Wednesday, April 7, 2010

On the road again: Spain, day 6

This morning began far earlier than normal for this trip, because we wanted to try the supposedly awesome hotel buffet. Try it we did, and it was indeed awesome. Nothing starts your day better than scrambled eggs with truffles, Iberian sausages, Jamon Iberico, fresh fruit, fresh bread, a wide selection of local cheeses, and so on.

We hit the aquarium today, and it was a fun time. I've always disliked snakes, and that dislike transfers without my conscious thought to eels, but at the same time I find both types of animals fascinating. This place had a lot of eels. Both fun and skin-crawly to see. I also enjoyed watching the sharks swimming overhead and up to the walls of the glass walkway. Their eyes had that "I'd eat you if you opened that wall" look that sharks always possess; I was quite glad for the wall.

We walked, played on our various electronics devices, had ice cream, and ultimately wandered parts of La Rambla before sitting down to an unexpectedly cheap dinner. The meal was so inexpensive because my mushroom risotto entree, which was yummy, featured a surprise appearance by an unlisted ingredient: a piece of broken glass. I found it while chewing a mouthful of food, but fortunately I extricated it without damaging it or me.
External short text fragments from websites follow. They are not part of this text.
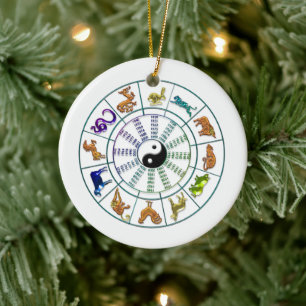 Chinese Zodiac Wheel, Chinese New Year Ceramic Tree Decoration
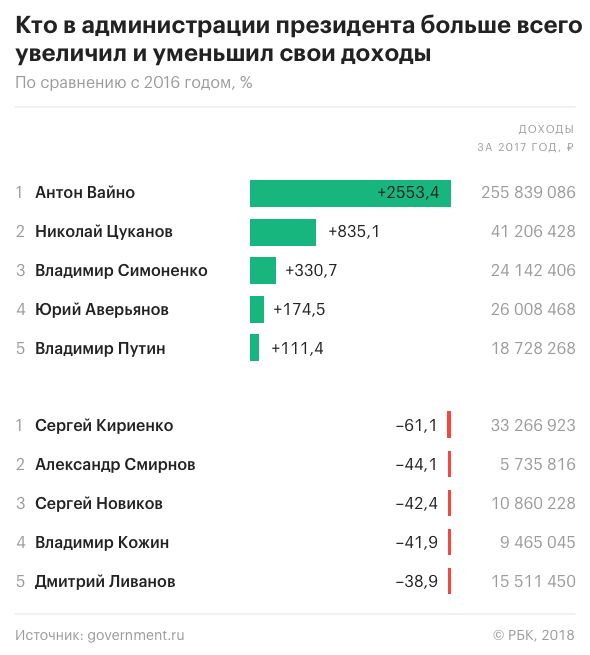 Где-то в параллельной вселенной... Доход главы администрации президента РФ за год составил 255 млн. рублей...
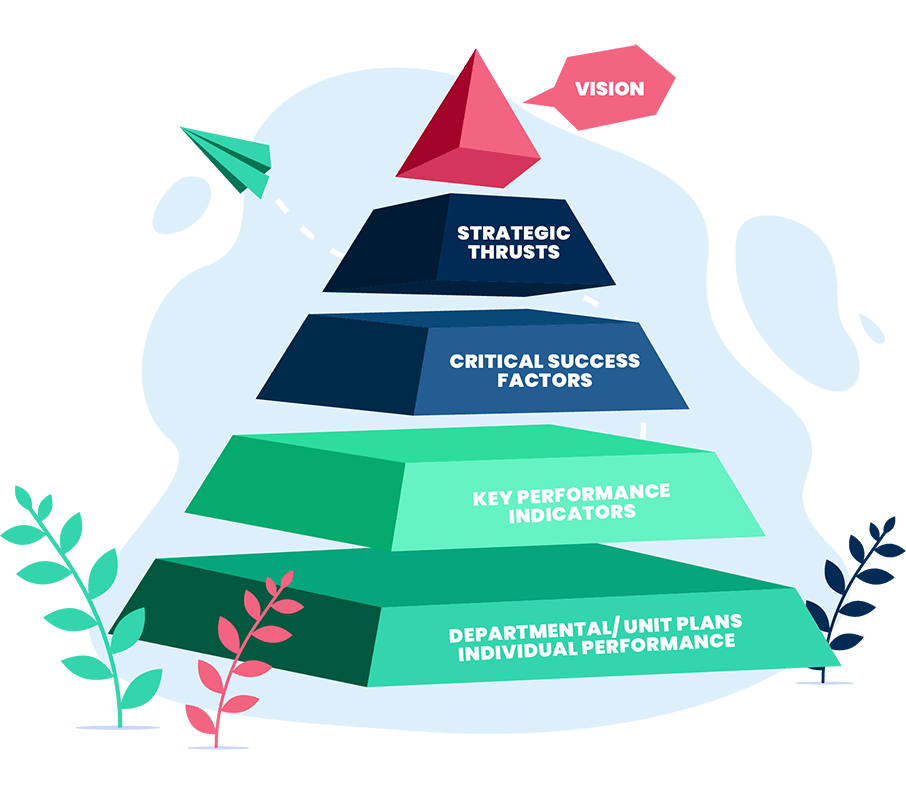 understanding onboarding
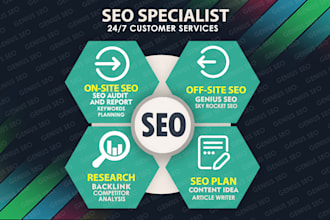 boost your rankings, 30 days ultimate seo service backlinks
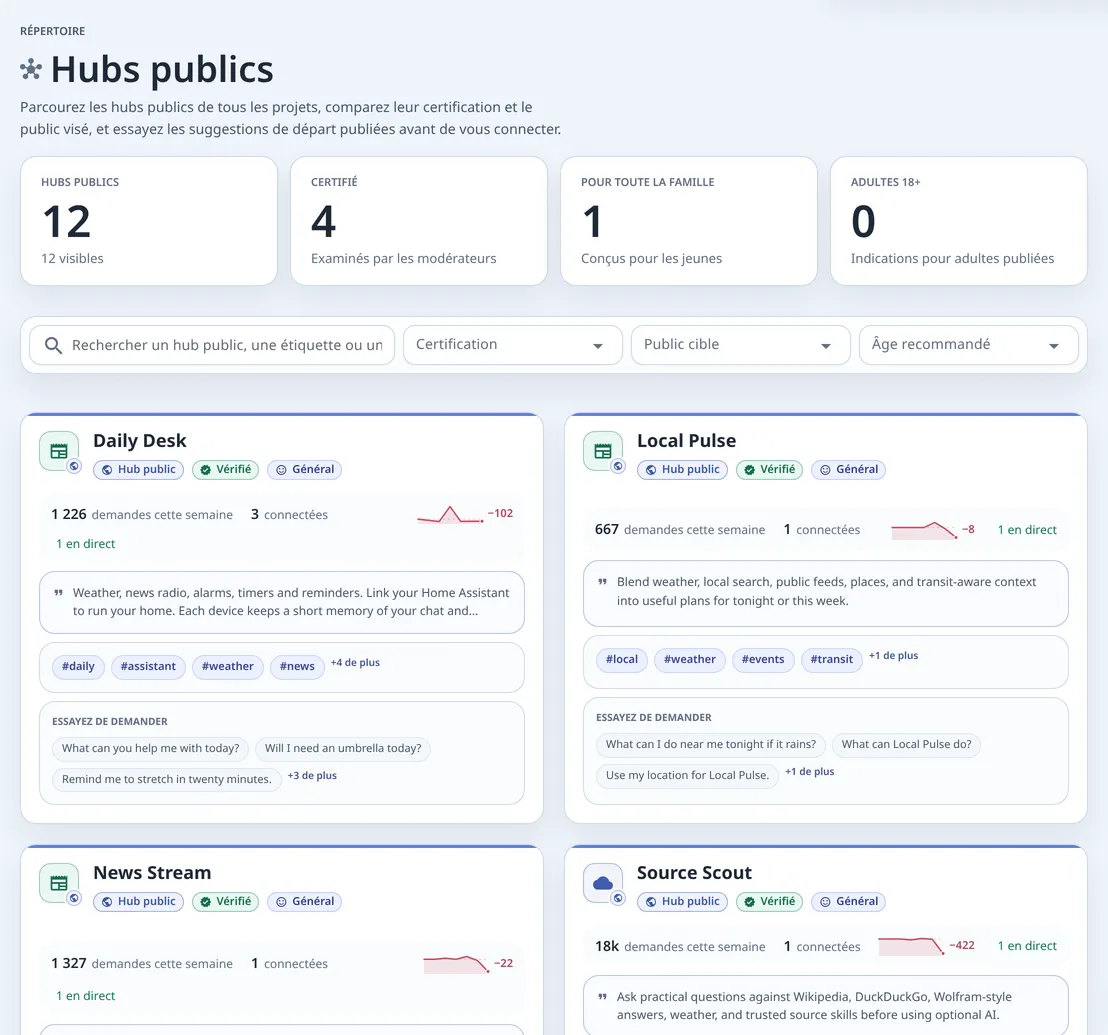 Le répertoire Hubs publics : 12 hubs, la recherche et les filtres par certification, public et âge, et des fiches avec les demandes de la semaine, les étiquettes et des phrases Essayez de demander.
Its mere presence triggered a subdued but multi-management-level Spanish rendering of the Monty Python dirty fork skit, by the end of which we paid for less than half our meal. I never asked for anything, mind you, other than a replacement dish.

The dinner appetizer, by the way, was pan-fried cheese stuffed with Jamon Iberico. Wow, that was good!

I've said it before, but it bears repeating: I will miss Spanish ham when I'm home.

4 comments:

Todd said...

I hear Spanish glass is quite nutritious.

Mark said...

Alas, the rumors are not, at least in my experience, accurate.

Griffin said...

I am sure the multi-management-level discussions will continue tonight, and tomorrow. Poor bastards. Spanish is only slightly inferior to French for a good harangue.

Mark said...

You may well be right. They were certainly embarrassed.